Now, a lot of misinformation has spread about what really occurred, thanks in no small part to a horribly inaccurate movie called The Mothman Prophecies  starring [ech!] Richard friggin Gere. The movie was based on an equally preposterous book  of the same title by author, parapscychologist, Fortean nutjob and all around opportunist John Keel. Keel wove a tale of outsider forces trying to warn a small West Virginia town of impending disaster, because, ya know, those alien outsider minds care about small hick towns, y’all.
The facts of the case, in brief, are thus:
On November 15, 1966, two young couples went to the TNT area of Point Pleasant [a common haunt for young drinkers], saw something and got spooked. They described the creature as the size of a man, with huge red eyes and wings folded against its back. Despite fleeing at about 100 miles per hour in a sheer panic, they say that the creature was able to pursue them. They reported the details of the incident to the authorities. The Mothman [originally called the “Big Bird”] was sighted off and on over the next 13 months, ending with the collapse of the Silver Bridge. In the meantime, it was given media attention and attracted the likes of UFOlogist Gray Barker [responsible for the Men in Black concept] and aforementioned Fortean imagineer John Alva Keel.
Conservative theories have suggested that it might have been a misidentified sandhill crane or an owl whose eyes were reflecting in the light of the moon, flashlights, headlights, et cetera. I lean toward the latter theory. The following explains why.
MothmanLives.com [a true believer site] has this to say about eyewitness accounts of the creature:
According to eyewitness accounts, Mothman stood much taller than an average man, at 7 feet tall, perhaps 8 feet. Its most prominent features were the massive wings spanning 10 feet across. Some accounts stated that small patches of feathers were spotted on the body and wings, some said the wings were featherless. Even more unusual were the huge, red, glowing eyes on the generally featureless face. Some eyewitnesses were unable to recall seeing a head; these reports stated the eyes were actually in the shoulder area where a neck and head “should” be. Few, if any, could remember details about the presence or type of feet the creature possessed.
Eyewitnesses alleged that Mothman could fly without flapping its wings, and could match the speed of an automobile trying to flee at 100 miles an hour. The creature never seemed to flap its wings when rising from the ground — it evidently was able to rise and float above the earth’s surface with little or no effort, not making any sound or noise.nd M+DG. All rights reserved.
Here is an eyewitness’ sketch of the creature.
You’ll note that it looks a bit like a shadowy image of a big owl [perhaps a great horned owl] in a threat posture.
Given the fact that the incidents stopped when the tragedy of the December 15, 1967 Silver Bridge collapse occurred and hype gave way to horror, it seems safe to presume that the Mothman was born of mass hysteria driven by media attention.
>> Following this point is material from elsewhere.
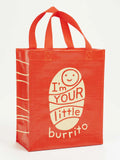 Little Burrito Handy Tote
When a real horror reared its head, the citizens of Point Pleasant had no more stomache for fireside tales and other distractions. Reality steamrolled over their infatuation with fame and ghost tales.
Today it serves as a cautionary tale for cryptid hunters, though an imaginative statue of the creature and an annual Mothman Festival keep the legend alive. Most UFO enthusiasts try to link the Mothman with the Green Monster of Flatwoods, WV [an alleged alien encounter]. The festival is populated predominantly with occult and New Age supernaturalists, parapsychologists and UFO nuts.
Though legends of Bird Men abound, cryptozoologists might well keep in mind this farce in their investigations. When hysteria, bits of pocket fame and misidentified animals combine, false cryptids emerge.